A decently chubby Farrell gives tremendous dead-pan to David whose outlook is bleak and crisp. Not quite robotic, but so straight forward you can hear the silence in Lanthimos’ world which built on order with sex and romance as calculations, not experiences. Farrell is surrounded by a trove of good actors in Ben Wishaw, John C. Reilly, and Léa Seydoux. When she finally appears Rachel Weisz is a great match and brings the second half of the film to life. Her voice-over nicely bookmarks the film although continuously reminds us of her pending arrival.

However, The Lobster appears to end a few times and slightly drags itself out. A key action sequence does not cause any affect in action or in emotion for the characters, stalling out the momentum of the final act. The hanging ending made me gawk, but the whole film was an exercise in laughter, disgust, and poignancy.
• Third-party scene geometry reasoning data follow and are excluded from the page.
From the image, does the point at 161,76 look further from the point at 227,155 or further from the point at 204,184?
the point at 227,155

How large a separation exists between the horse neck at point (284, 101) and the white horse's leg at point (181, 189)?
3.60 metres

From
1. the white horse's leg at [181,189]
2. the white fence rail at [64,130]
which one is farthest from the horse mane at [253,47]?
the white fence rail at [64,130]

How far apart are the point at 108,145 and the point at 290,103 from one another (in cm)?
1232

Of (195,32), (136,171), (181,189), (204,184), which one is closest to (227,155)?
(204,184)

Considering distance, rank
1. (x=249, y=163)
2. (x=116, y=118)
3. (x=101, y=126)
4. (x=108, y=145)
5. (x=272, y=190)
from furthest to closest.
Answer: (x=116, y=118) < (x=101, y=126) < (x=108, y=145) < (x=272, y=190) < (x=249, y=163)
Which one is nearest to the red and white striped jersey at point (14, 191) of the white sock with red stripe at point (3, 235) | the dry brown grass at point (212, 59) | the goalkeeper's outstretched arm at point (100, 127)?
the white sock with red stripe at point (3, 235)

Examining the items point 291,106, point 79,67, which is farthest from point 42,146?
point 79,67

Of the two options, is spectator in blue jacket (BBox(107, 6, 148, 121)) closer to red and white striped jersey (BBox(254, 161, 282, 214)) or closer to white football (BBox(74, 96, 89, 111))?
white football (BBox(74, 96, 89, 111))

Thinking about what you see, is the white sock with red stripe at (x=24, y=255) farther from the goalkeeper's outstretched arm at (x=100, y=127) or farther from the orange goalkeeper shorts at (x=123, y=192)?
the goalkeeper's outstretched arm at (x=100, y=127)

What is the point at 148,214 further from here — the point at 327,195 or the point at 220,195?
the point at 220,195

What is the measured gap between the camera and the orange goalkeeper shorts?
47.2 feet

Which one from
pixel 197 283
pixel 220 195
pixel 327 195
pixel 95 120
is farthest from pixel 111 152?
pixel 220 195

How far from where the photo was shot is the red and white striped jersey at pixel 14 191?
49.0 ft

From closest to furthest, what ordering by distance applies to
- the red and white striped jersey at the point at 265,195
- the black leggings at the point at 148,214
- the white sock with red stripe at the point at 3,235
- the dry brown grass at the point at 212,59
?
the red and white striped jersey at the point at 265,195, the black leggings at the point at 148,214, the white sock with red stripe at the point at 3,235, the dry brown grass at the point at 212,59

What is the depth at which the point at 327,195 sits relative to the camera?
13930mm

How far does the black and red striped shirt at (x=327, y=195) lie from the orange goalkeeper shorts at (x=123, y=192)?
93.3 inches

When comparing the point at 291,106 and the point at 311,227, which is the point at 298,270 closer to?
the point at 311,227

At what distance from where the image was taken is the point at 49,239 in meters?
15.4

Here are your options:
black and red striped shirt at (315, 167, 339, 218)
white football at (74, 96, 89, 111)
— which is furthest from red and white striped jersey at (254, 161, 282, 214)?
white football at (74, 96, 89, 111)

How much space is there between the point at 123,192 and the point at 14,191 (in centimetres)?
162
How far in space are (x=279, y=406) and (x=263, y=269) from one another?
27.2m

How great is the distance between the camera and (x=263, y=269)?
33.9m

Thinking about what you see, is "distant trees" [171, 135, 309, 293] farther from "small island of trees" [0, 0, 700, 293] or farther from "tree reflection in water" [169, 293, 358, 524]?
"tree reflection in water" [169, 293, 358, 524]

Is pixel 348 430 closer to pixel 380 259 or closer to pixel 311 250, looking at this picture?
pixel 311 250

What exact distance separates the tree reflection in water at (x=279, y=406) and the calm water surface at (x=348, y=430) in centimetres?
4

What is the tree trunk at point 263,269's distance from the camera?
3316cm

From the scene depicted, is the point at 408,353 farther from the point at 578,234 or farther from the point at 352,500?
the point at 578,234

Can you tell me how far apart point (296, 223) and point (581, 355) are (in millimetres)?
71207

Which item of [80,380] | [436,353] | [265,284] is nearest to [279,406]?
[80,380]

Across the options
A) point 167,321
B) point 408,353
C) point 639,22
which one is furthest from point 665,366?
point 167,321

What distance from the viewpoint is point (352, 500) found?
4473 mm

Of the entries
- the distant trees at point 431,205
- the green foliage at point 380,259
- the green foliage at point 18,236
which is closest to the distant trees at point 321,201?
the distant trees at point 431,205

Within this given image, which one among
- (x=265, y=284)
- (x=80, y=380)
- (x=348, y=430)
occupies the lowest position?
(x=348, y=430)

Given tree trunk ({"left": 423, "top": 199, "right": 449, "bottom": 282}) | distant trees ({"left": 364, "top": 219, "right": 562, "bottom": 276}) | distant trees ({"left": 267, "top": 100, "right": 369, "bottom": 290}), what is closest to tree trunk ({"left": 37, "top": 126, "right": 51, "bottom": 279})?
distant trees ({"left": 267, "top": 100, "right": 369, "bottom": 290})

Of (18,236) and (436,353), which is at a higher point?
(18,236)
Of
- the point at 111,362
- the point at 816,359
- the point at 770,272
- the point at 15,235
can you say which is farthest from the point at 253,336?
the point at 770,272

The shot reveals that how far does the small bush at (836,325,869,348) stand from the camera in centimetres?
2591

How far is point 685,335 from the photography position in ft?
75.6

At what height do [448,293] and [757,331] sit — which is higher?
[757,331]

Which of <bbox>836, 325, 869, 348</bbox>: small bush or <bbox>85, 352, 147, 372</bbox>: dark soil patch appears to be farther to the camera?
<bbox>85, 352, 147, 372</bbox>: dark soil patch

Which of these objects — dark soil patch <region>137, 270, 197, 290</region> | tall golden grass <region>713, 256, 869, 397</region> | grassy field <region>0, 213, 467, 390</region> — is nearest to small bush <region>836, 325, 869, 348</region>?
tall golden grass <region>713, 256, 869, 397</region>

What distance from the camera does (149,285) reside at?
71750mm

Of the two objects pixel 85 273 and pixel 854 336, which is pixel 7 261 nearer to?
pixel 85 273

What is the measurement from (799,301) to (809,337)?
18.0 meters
An exercise that thankfully never endorses anything, but rather imputes the cyclical patterns of how we construct who we value. Or even how we value ourselves and each other based on public affirmations of worth through coupling. The film will surely be an Oscar contender.

Rebel Hearts

October 19, 2015

54428Suffragette (2015).

D: Sarah Gavron. DP: Eduard Grau. W: Abi Morgan. Starring: Carey Mulligan/Helena Bonham-Carter/Anne-Marie Duff/Meryl Streep/Ben Wishaw/Brendan Gleeson/Romola Garai/Natalie Press/Adam Michael Dodd.
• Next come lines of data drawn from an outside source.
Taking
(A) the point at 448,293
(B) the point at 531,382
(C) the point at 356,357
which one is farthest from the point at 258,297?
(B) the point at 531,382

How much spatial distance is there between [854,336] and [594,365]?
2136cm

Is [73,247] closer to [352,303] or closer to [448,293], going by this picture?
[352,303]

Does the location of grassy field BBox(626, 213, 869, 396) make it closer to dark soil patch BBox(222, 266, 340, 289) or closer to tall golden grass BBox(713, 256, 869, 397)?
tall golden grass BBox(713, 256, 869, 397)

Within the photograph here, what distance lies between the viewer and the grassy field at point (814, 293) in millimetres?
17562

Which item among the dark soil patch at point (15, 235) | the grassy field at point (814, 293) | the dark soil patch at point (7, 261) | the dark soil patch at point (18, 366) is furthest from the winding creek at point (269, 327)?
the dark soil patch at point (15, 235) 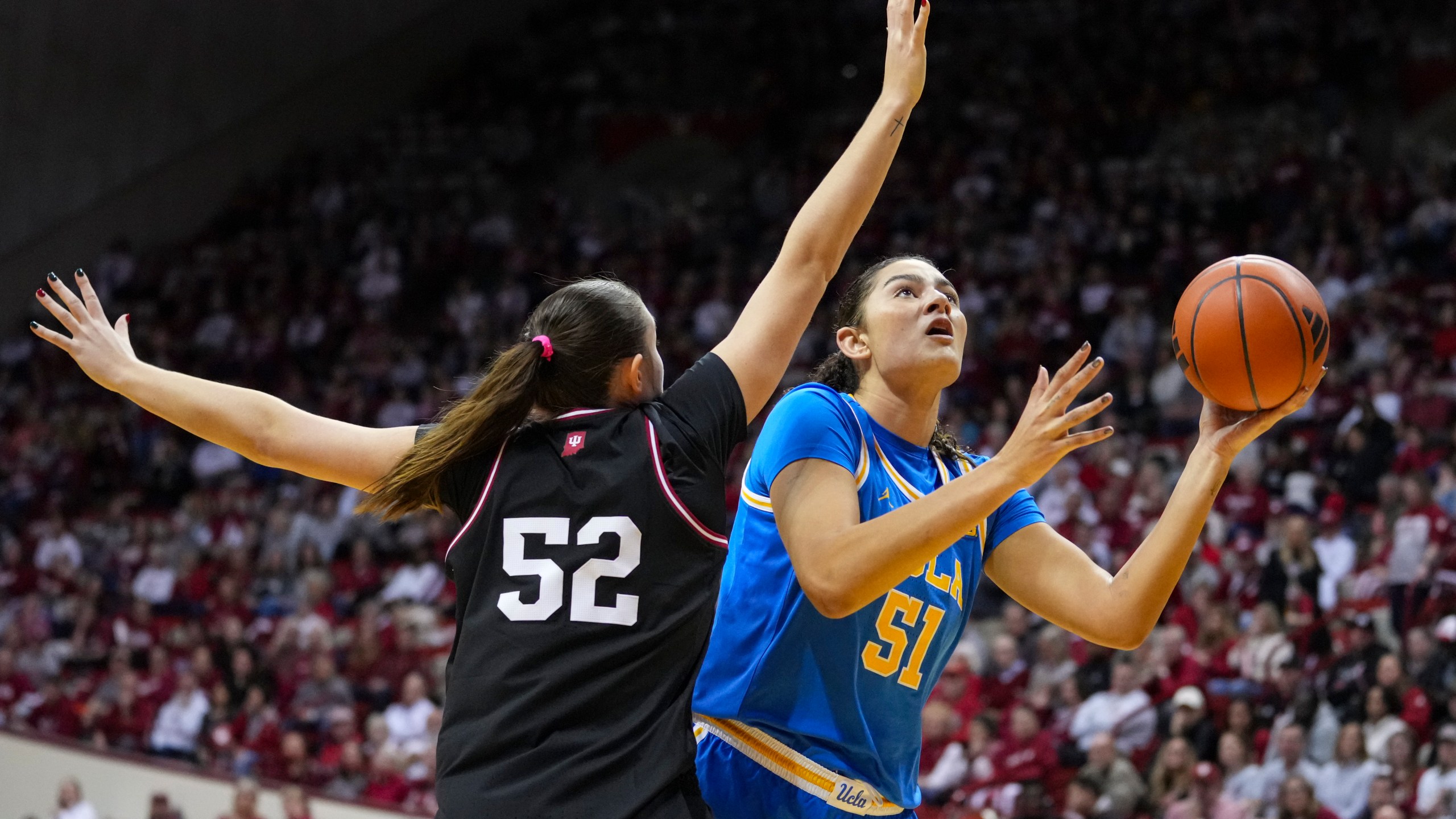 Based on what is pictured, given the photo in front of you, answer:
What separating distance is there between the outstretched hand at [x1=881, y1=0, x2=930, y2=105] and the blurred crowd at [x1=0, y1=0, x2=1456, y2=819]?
20.0ft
As award season looms the first of many strong contenders hits theaters. Suffragette bowed at the London Film Festival and enticed domestic violence protesters to lay down on the red carpet and call for greater funding. The cast donning shirts with ‘I’d rather be a rebel, than a slave’ caused outrage back in the US. But here in the UK, as the quote is part of Emmeline Pankhurst famous speech to the British suffragettes, the promotion went unfazed. Perhaps context these days is even more important than ever.

Suffragette follows Maud Watts (Carey Mulligan) whose dingy East London life in a launderette has little solace but parenting her young son George. Maud is so down she doesn’t even get an ‘e’ in her name, deprived from her very birth. As her fellow laundress Violet (Anne-Marie Duff) recruits her to join the movement Maud’s home and work lives are threatened as she takes on the cause of women’s right to vote and equal pay. She eventually joins action master Edith (Helena Bonham-Carter) who takes Pankhurst’s (played in one sequence by Meryl Streep) call to rebellion seriously.
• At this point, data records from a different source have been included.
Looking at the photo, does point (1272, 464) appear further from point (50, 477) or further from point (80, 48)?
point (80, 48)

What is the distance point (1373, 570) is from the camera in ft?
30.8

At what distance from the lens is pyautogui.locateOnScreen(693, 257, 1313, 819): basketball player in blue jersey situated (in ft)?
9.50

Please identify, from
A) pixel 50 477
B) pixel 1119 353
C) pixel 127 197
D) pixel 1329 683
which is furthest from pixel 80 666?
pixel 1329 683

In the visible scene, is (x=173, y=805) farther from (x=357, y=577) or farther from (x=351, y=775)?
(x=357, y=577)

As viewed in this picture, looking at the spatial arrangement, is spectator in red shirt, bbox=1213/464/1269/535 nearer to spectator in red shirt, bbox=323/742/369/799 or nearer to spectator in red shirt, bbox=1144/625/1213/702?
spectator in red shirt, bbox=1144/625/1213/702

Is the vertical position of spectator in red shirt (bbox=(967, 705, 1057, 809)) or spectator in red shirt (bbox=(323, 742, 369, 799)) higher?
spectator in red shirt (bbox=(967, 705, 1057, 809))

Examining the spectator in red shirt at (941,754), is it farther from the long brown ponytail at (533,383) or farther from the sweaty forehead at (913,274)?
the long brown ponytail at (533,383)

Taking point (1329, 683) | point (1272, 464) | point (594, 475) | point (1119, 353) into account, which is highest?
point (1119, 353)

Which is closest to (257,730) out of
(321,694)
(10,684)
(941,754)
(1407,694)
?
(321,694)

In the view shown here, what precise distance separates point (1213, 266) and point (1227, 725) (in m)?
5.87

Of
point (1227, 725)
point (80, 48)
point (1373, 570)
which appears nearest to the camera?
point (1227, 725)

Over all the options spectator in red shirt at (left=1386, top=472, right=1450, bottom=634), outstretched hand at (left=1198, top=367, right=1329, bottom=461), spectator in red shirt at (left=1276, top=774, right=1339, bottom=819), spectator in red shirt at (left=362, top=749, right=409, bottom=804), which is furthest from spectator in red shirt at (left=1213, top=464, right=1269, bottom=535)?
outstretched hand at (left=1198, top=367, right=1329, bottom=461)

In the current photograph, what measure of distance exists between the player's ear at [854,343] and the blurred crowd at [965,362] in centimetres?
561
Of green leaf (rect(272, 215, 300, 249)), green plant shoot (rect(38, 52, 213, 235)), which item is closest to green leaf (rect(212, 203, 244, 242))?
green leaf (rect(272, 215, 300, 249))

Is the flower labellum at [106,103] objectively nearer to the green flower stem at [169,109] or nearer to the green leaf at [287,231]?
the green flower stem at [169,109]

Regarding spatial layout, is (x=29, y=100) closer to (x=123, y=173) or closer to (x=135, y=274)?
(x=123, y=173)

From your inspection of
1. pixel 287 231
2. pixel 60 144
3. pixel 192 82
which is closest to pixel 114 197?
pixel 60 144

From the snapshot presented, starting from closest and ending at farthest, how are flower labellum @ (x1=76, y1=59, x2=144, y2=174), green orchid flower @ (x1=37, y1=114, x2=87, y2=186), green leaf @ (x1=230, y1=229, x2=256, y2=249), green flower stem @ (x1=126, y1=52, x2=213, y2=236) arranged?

Screenwriter Abi Morgan, who wrote the fabulous BBC series, The Hour, along with The Iron Lady and Shame, keeps a tight pace in her work. The film clips along not leaving time to over sentimentalize too much. Domestic violence and work injuries are part of the landscape here, Maud’s upper arms covered with burns never explained or referenced to. This subtle hand from director Sarah Gavron helps Mulligan carry the film with tenderness and restraint. Mulligan’s Maud is fragile, but her clear eyes let the practicality of her world shine through. A nice turn especially when help up to last years Far From the Madding Crowd.

Mulligan is surrounded by the best with Streep swooping in much like Judi Dench did in Shakespeare in Love. Bonham-Carter provides the group determination that helps balance a nice performance by Duff as beaten and baby tired Violet. Natalie Press is no newcomer, but her part here is pivotal. You should see Andrea Arnold’s Oscar winning short Wasp to see what she’s capable of. The men are few here, but Ben Wishaw and Brendan Gleeson provide a cadence of reactions needed against Maud’s cause.

Suffragette is in the middle of a current heated debate about the white washing of feminism in cinema. The lack of any non-white representation in the film is clearly apparent, but yet can every film represent everything or everyone? I am not defending the film’s choices, but nevertheless Suffragette ultimately takes on Maud’s story as someone so close to Emily Wilding Davidson. Surely there were class and racial distinctions within the suffragette movement, but what is to be celebrated is the message. In this scenario I do not think there is a right choice that would appease everyone. Nonetheless the discussion is a fruitful one, no one was talking about this ten years ago. Let’s hope the film’s success is a call to arms.